-- Exercise materials --
--- START ---

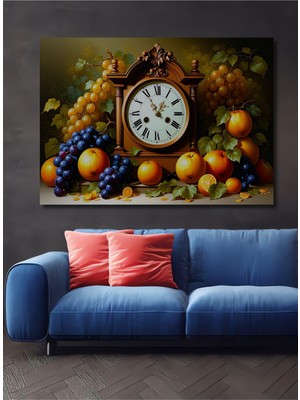 Meyve Şöleni ve Nostaljik Saat Yağlı Boya Görünümlü Dekoratif Ahşap Ev/işyeri/ofis Kare Tablo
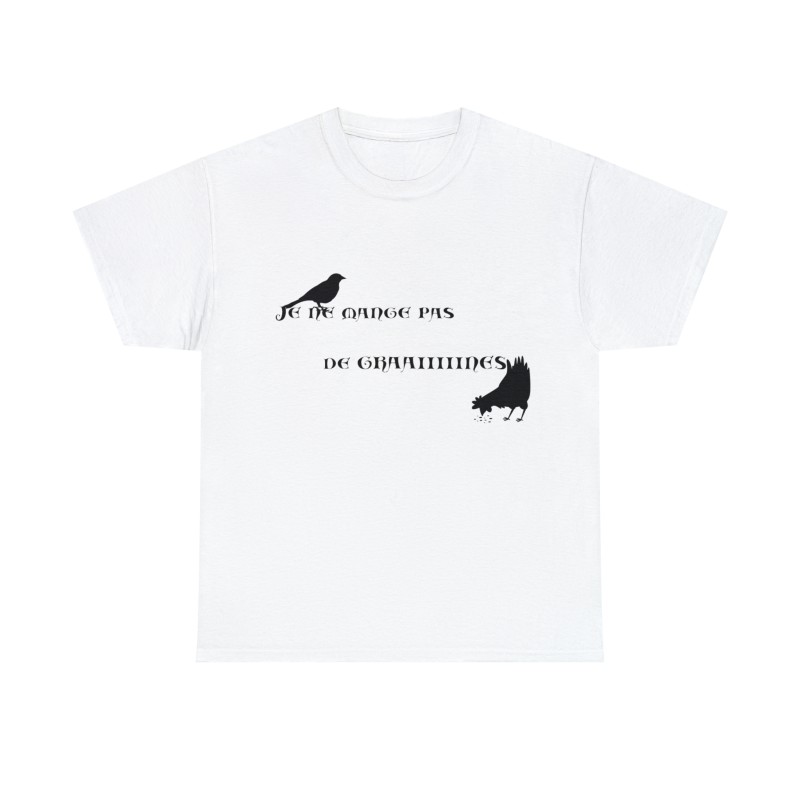 T-shirt blanc je ne mange pas graines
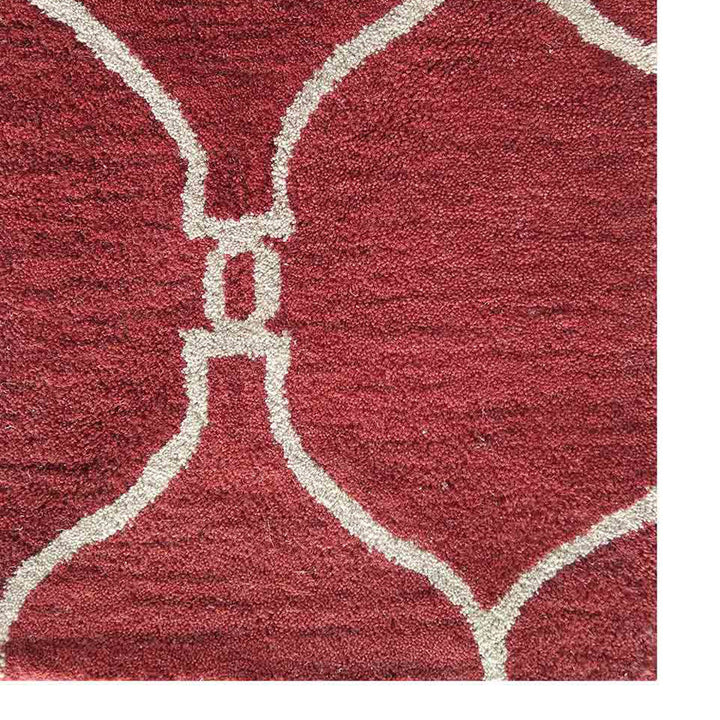 Hand Tufted Wool Area Rug Geometric Beige Brown K01004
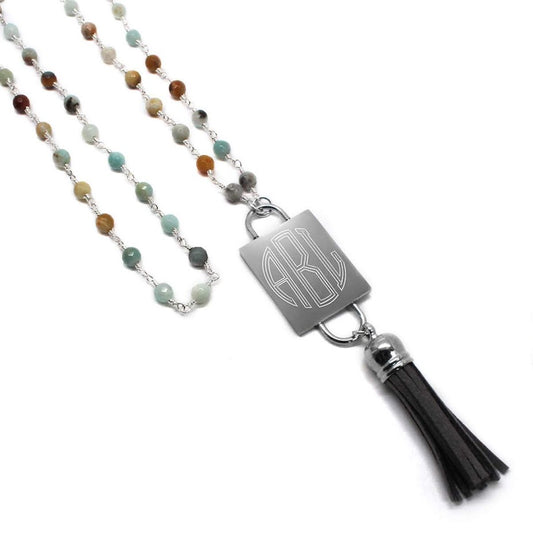 Fashion Engravable Tassel with Hematit and Amazonite Bead Necklace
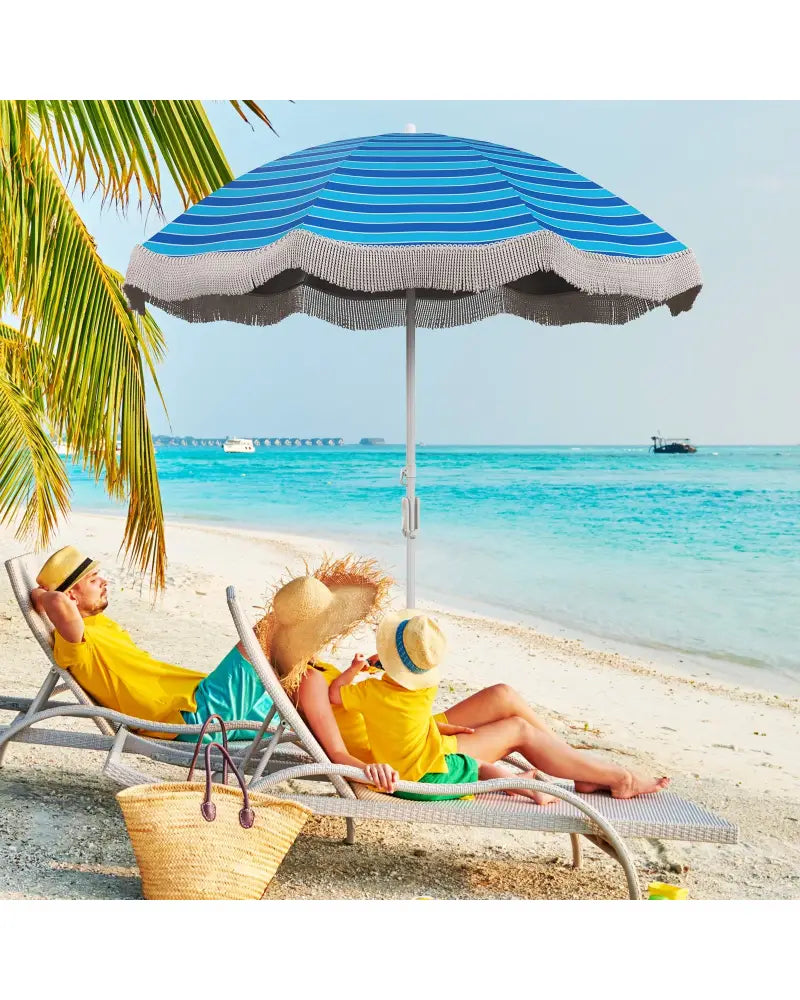 6.5 FT Beach Umbrella with Fringe Outdoor Tassel Umbrella with Push Button Tilt-Navy - Navy - Outdoor Umbrellas
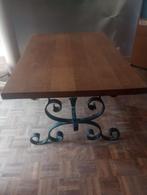 Tafel eik met smeedijzer onderstel 115x75x55 (lbh), Huis en Inrichting, Ophalen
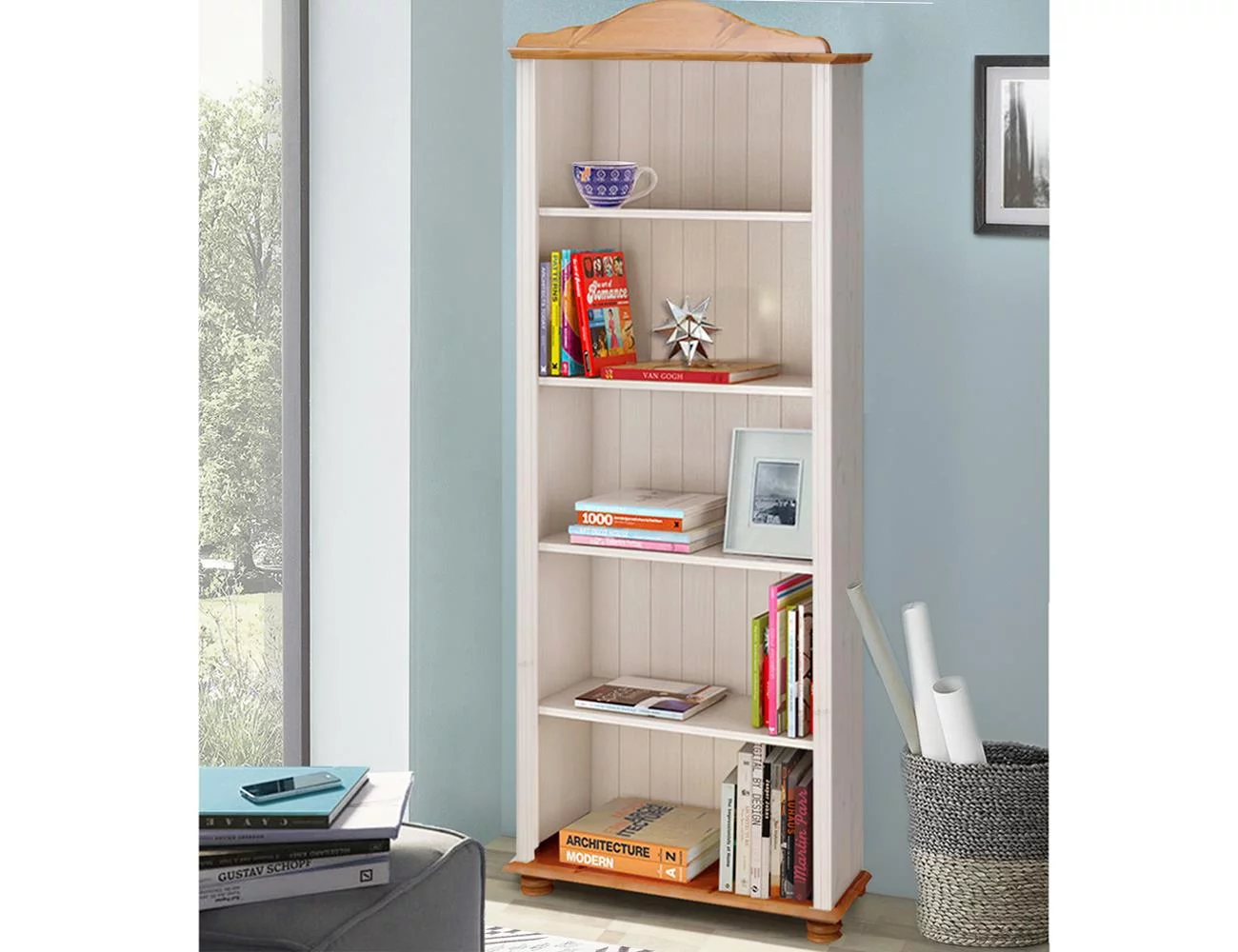 RealRooms Chester 5 Shelf Open Bookcase, White and Honey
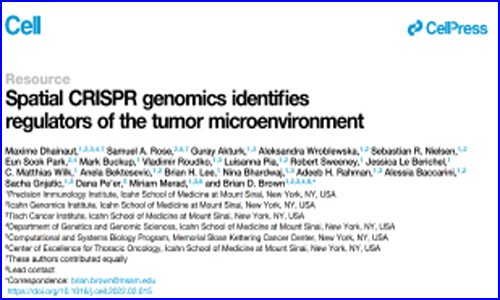 文献解读 | 空间 CRISPR 基因组学用于鉴定肿瘤微环境调节因子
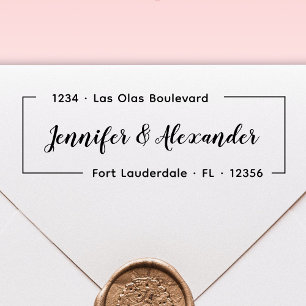 Elegant Script Modern Wedding Return Address Self- Self-inking Stamp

--- END ---

-- Task details --
Output all the material verbatim, skipping every image.

-- Task result --
 Meyve Şöleni ve Nostaljik Saat Yağlı Boya Görünümlü Dekoratif Ahşap Ev/işyeri/ofis Kare Tablo
 T-shirt blanc je ne mange pas graines
 Hand Tufted Wool Area Rug Geometric Beige Brown K01004
 Fashion Engravable Tassel with Hematit and Amazonite Bead Necklace
 6.5 FT Beach Umbrella with Fringe Outdoor Tassel Umbrella with Push Button Tilt-Navy - Navy - Outdoor Umbrellas
 Tafel eik met smeedijzer onderstel 115x75x55 (lbh), Huis en Inrichting, Ophalen
 RealRooms Chester 5 Shelf Open Bookcase, White and Honey
 文献解读 | 空间 CRISPR 基因组学用于鉴定肿瘤微环境调节因子
 Elegant Script Modern Wedding Return Address Self- Self-inking Stamp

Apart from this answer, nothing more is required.